======== DATA TO USE ========

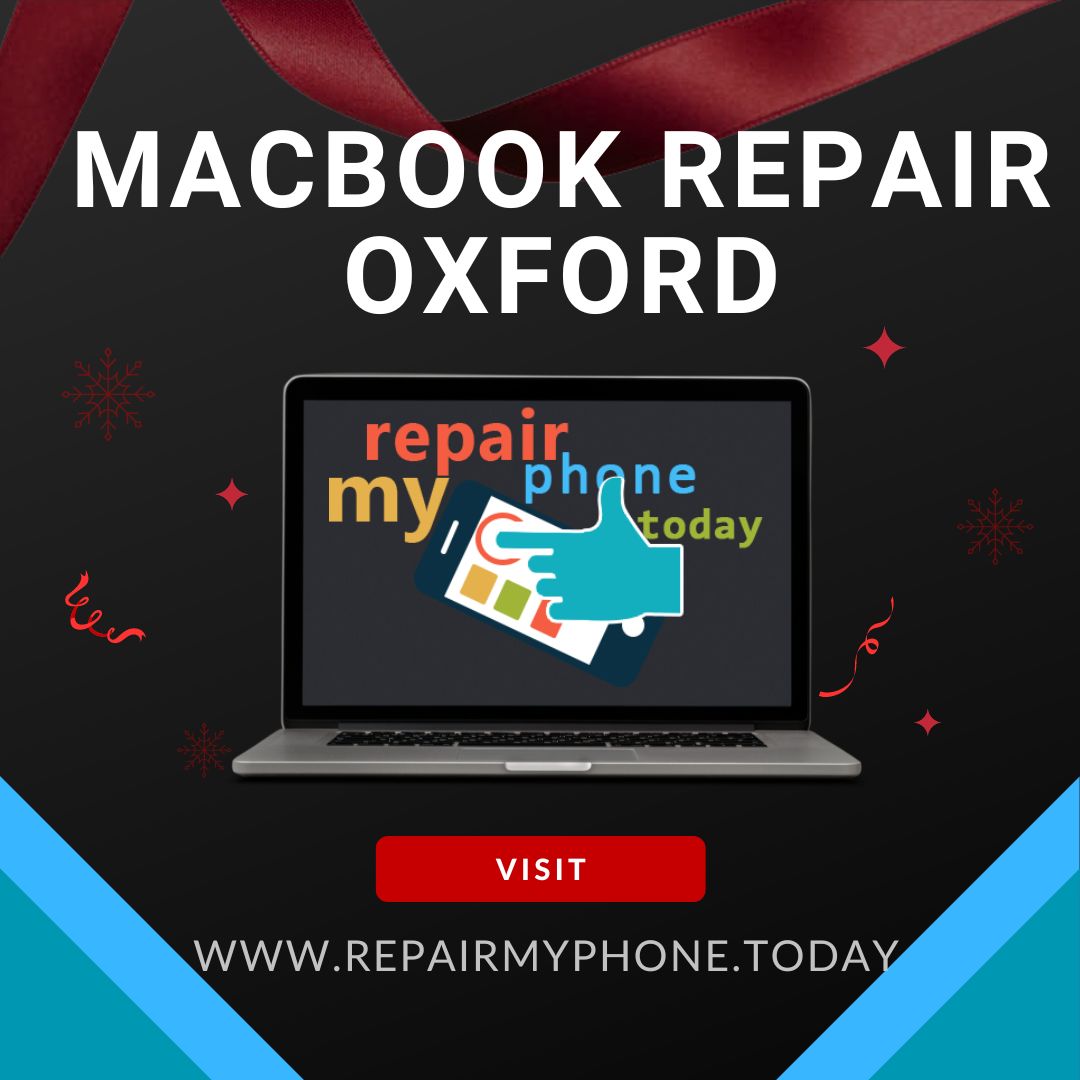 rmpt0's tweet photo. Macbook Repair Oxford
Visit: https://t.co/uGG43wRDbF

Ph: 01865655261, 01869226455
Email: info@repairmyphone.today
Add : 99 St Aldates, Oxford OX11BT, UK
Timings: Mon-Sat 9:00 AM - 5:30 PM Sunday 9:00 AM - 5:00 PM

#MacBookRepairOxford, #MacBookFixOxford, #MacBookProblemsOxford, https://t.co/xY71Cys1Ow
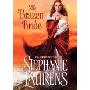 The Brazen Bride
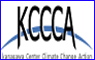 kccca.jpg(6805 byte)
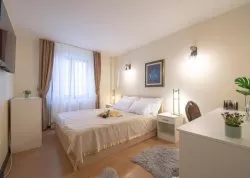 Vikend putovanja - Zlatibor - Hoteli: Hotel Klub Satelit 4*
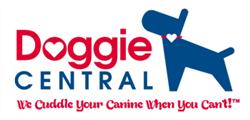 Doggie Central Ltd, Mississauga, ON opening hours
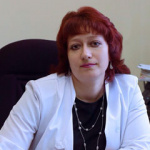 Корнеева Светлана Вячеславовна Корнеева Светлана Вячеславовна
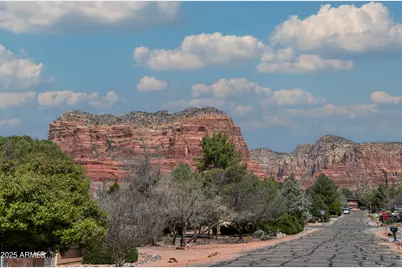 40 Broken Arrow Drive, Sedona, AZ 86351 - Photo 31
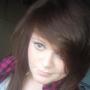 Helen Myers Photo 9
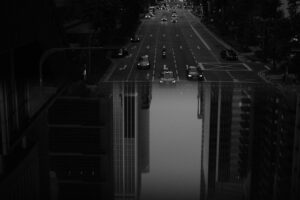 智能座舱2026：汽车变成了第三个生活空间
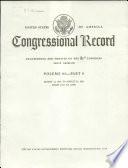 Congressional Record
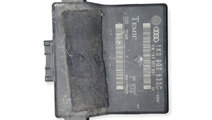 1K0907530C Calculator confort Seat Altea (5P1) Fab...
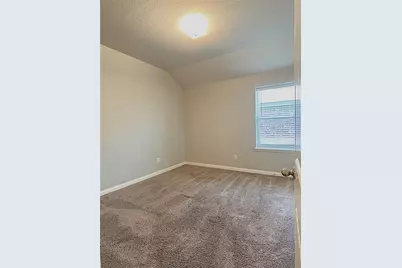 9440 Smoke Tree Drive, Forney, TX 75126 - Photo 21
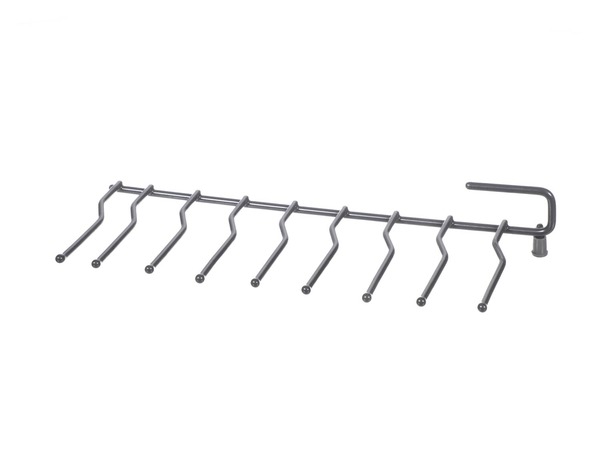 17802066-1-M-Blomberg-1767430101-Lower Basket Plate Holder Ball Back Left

========

### TASK ITEM
Using the material above, work out the number of lines that include "https" and answer with that number by itself.

### RESULT OF THIS TASK
2